Q: Do the emails reveal information on donations to the Clinton Foundation?
A: Those that have been released do not.
Q: Who is Huma Abedin?
A: A longtime Clinton aide sometimes described as her surrogate daughter, Abedin currently serves as vice chair of Clinton's campaign. She is a frequent target of conservatives' efforts to discredit Clinton, with accusations ranging from her receiving too much pay for a vacation to having ties to the Muslim Brotherhood. (The former is under investigation, with Abedin claiming she worked while she was supposed to be off; House Speaker John Boehner and Sen. John McCain slammed the latter as unfounded and, as Boehner put it, "pretty dangerous.") She also had an account on the private server. She is married to former New York Rep. Anthony Weiner.
Q: What do Abedin's emails show?
A: Her messages, some of which have come out in separate Freedom of Information actions, did show she sometimes corresponded with Clinton Foundation officials on her State Department account. While she was at the department, Abedin was granted permission to do work with the foundation and a company called Teneo Holdings. The consultancy was founded by a Bill Clinton adviser, Doug Band, and a former diplomat in Hillary Clinton's State Department, Declan Kelly. Senate Judiciary Committee Chairman Chuck Grassley, an Iowa Republican, has asked if the firm's high-profile international clients and Abedin's simultaneous work meant she had a conflict of interest. (Her lawyers say she did not.)
Q: Who is Bryan Pagliano?
A: A staffer on Clinton's 2008 presidential campaign who later joined the State Department, Pagliano set up the private server. The Clintons paid him personally for the work and later upkeep. The Clinton campaign says this means that the public didn't fund the private arrangement. When questioned by the Benghazi committee on Sept. 10, Pagliano invoked his Fifth Amendment right to remain silent, and his lawyer has said he will invoke it again if compelled to testify elsewhere. Lawmakers are considering granting him immunity to get his testimony, according to Grassley.
Q: How is Clinton handling the controversy?
A: For months, she characterized it as a partisan attack and occasionally joked about it, telling an Iowa audience in August that she liked Snapchat because "those messages disappear all by themselves." In recent days, though, her strategies toward addressing the emails and her campaign in general have shifted, and she has expressed contrition for the actions, saying she was "sorry" and that it "clearly wasn't the best choice."
Q: Is Clinton right that voters don't care about the emails?
A: Prominent Democrats have criticized her handling of the issue, and her poll numbers have suffered, including her ratings on favorability. Her lead in Iowa over Vermont Sen. Bernie Sanders, a rival for the Democratic nomination, had also narrowed to within the margin of error in a recent Bloomberg Politics/Des Moines Register Iowa poll, although 61 percent of likely Democratic caucus-goers in Iowa said they didn't care about the email controversy.

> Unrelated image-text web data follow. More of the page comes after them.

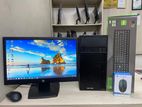 কম্পিউটার ফুল সেট_Core i5 (9th Gen)_Ram 8GB_SSD M.2 256GB_HP 19"Monitor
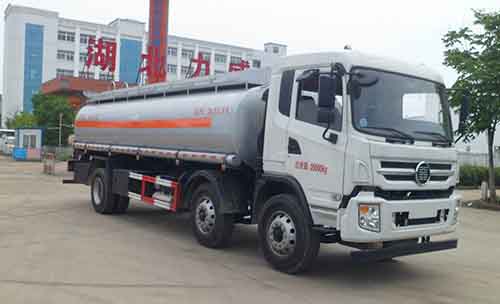 楚风小三轴24.7方供液车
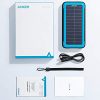 Anker PowerCore Solar 20000 with Dual Ports, Flashlight
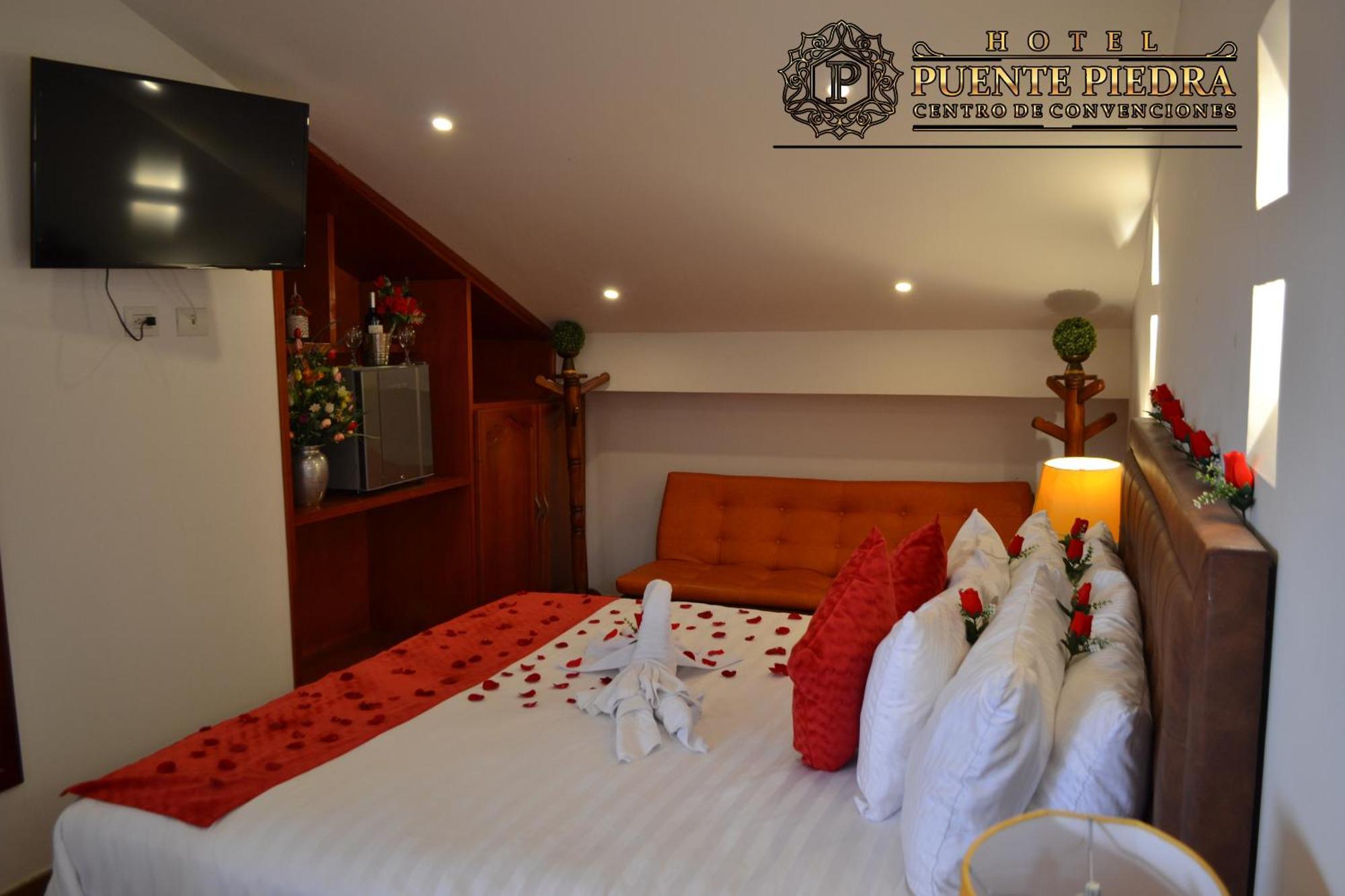 וילה דה לייבה Hotel Puente Piedra מראה חיצוני תמונה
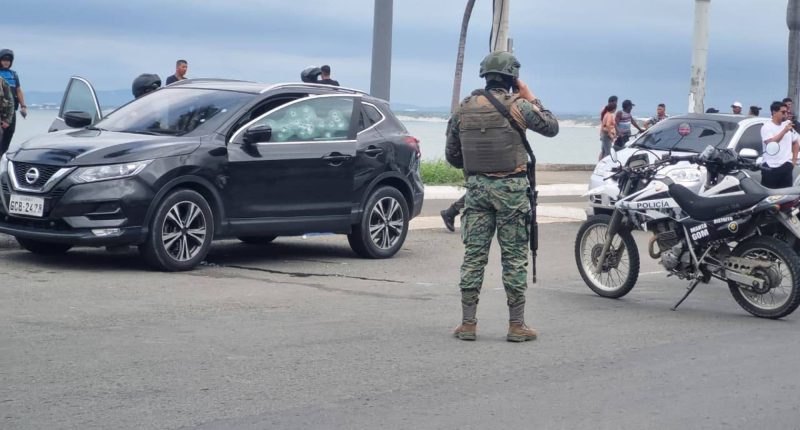Ataque en la avenida Malecón de Manta deja un fallecido – La Voz del Altiplano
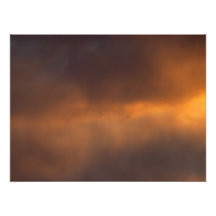 Sunset Clouds Art Photo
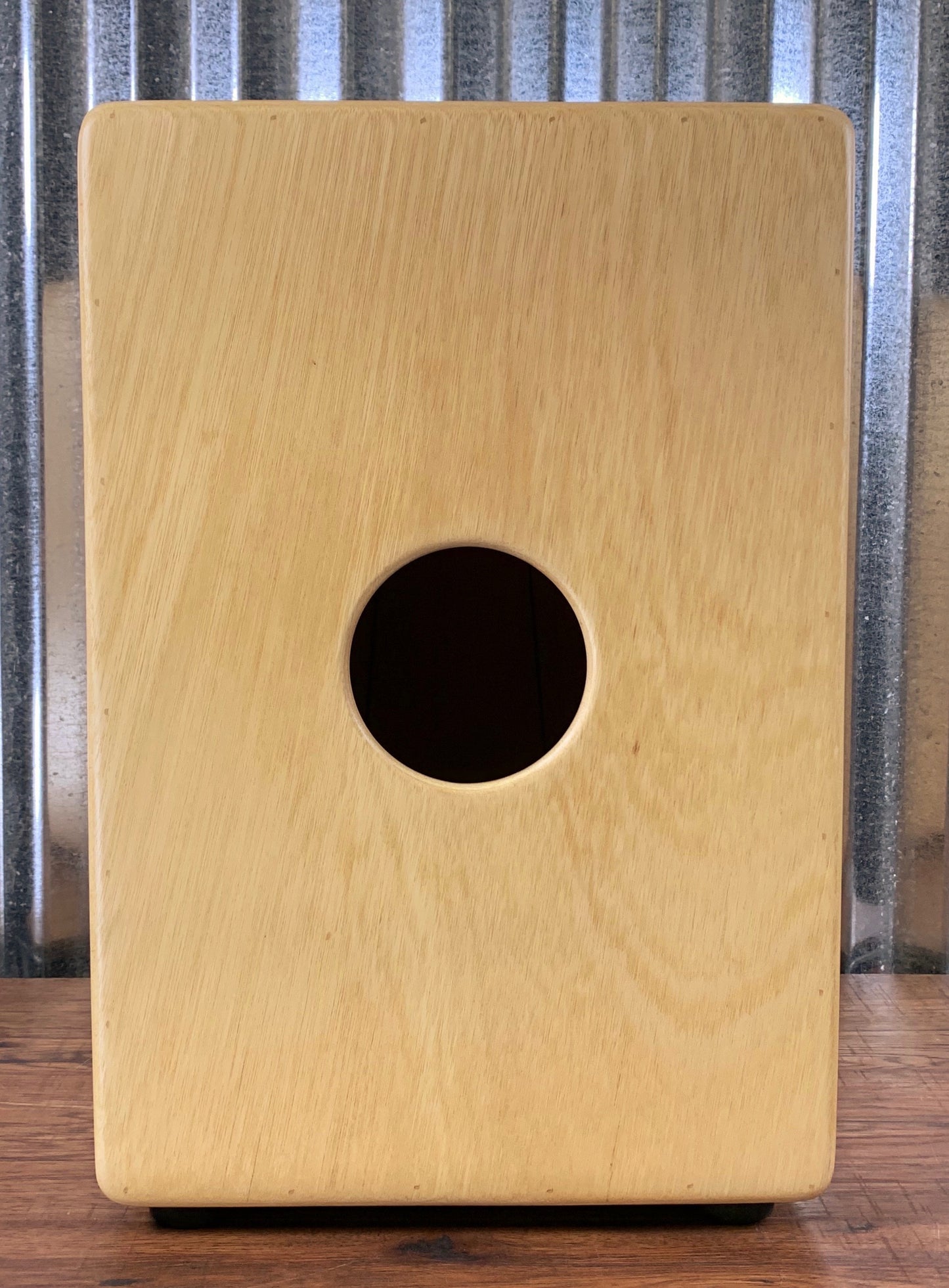 Atempo Percussion CJ-PERF-01 Black Wood Grain Performance Series Cajon & Bag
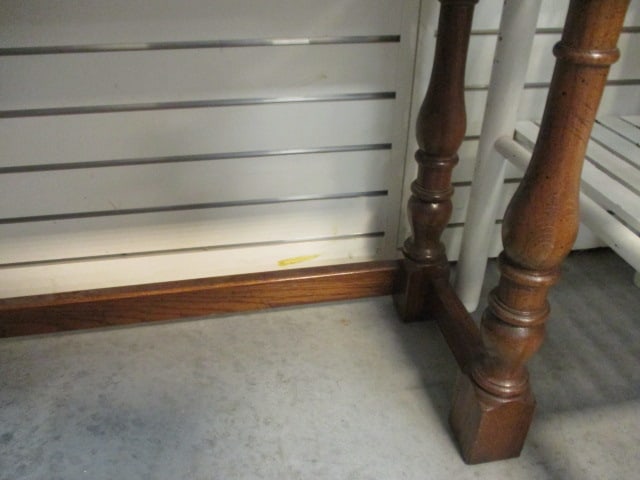 Drexel 1 Drawer Console Table - 6
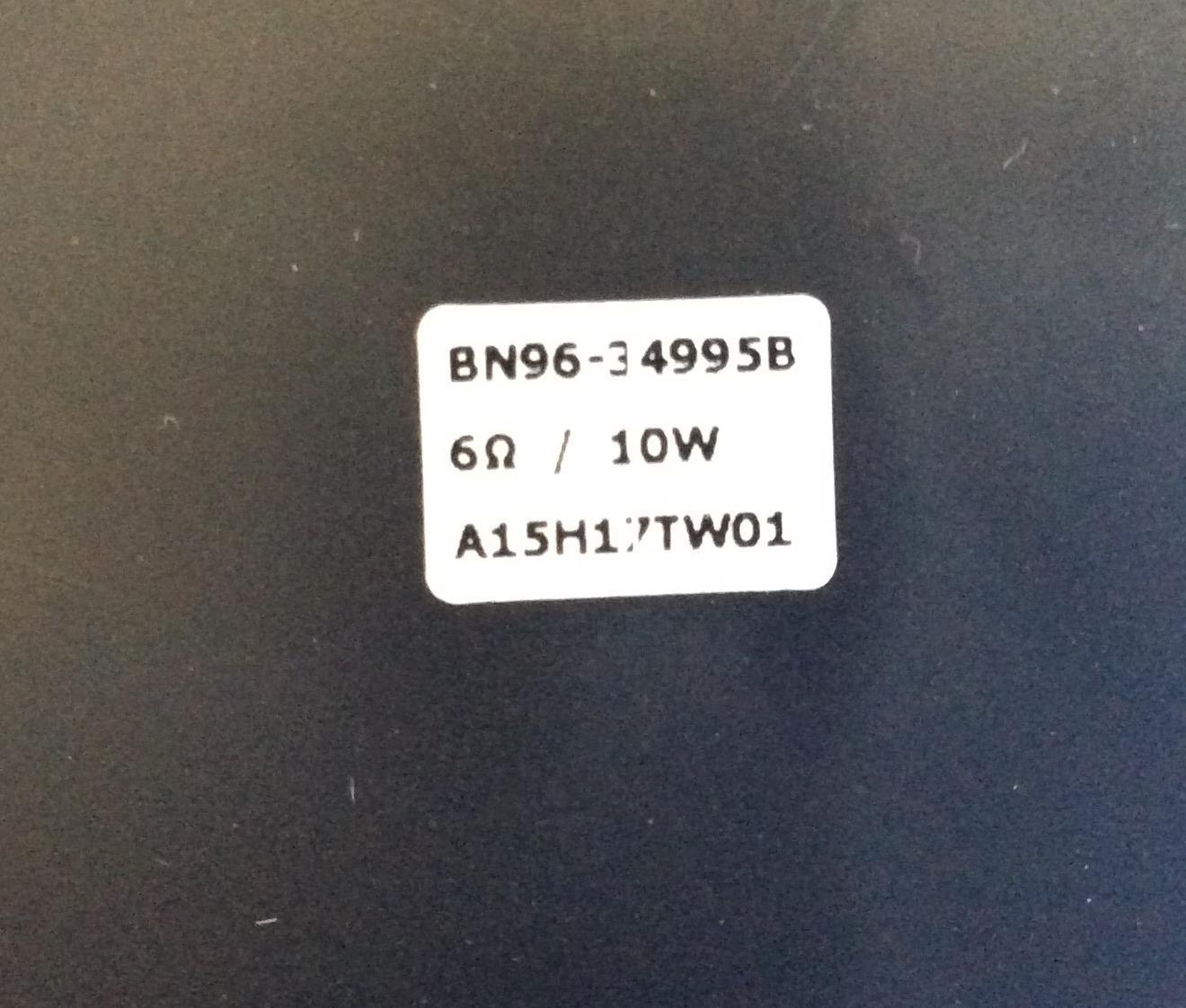 KIT DE BOCINAS PARA TV / SAMSUNG / MODELO UN65NV7300FXZA FB03  / NUMERO DE SERIE 07XF3CAKA03381X - Imagen 3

Q: Did she ever email with Bill Clinton?
A: Seemingly not. His spokesman contends he has only sent two emails in his whole life, both when he was in office. One went to troops serving overseas; the other went to astronaut John Glenn when he was in space at age 77.
Q: What were Clinton's email addresses?
A: hrc22@clintonemail.com and hrod17@clintonemail.com
Q: Will there be more revelations?
A: Likely yes. Approximately a quarter of the emails have come out since a federal judge ordered monthly releases that started June 30. Those must be wrapped up by January. The investigations and lawsuits are also ongoing.
Q: Where can I read Clinton's publicly released emails?
A: When the State Department released the 296 Benghazi-related emails in May, it added a special page to its website, and it has put new emails there as it makes them public. Anyone can read the emails for themselves there.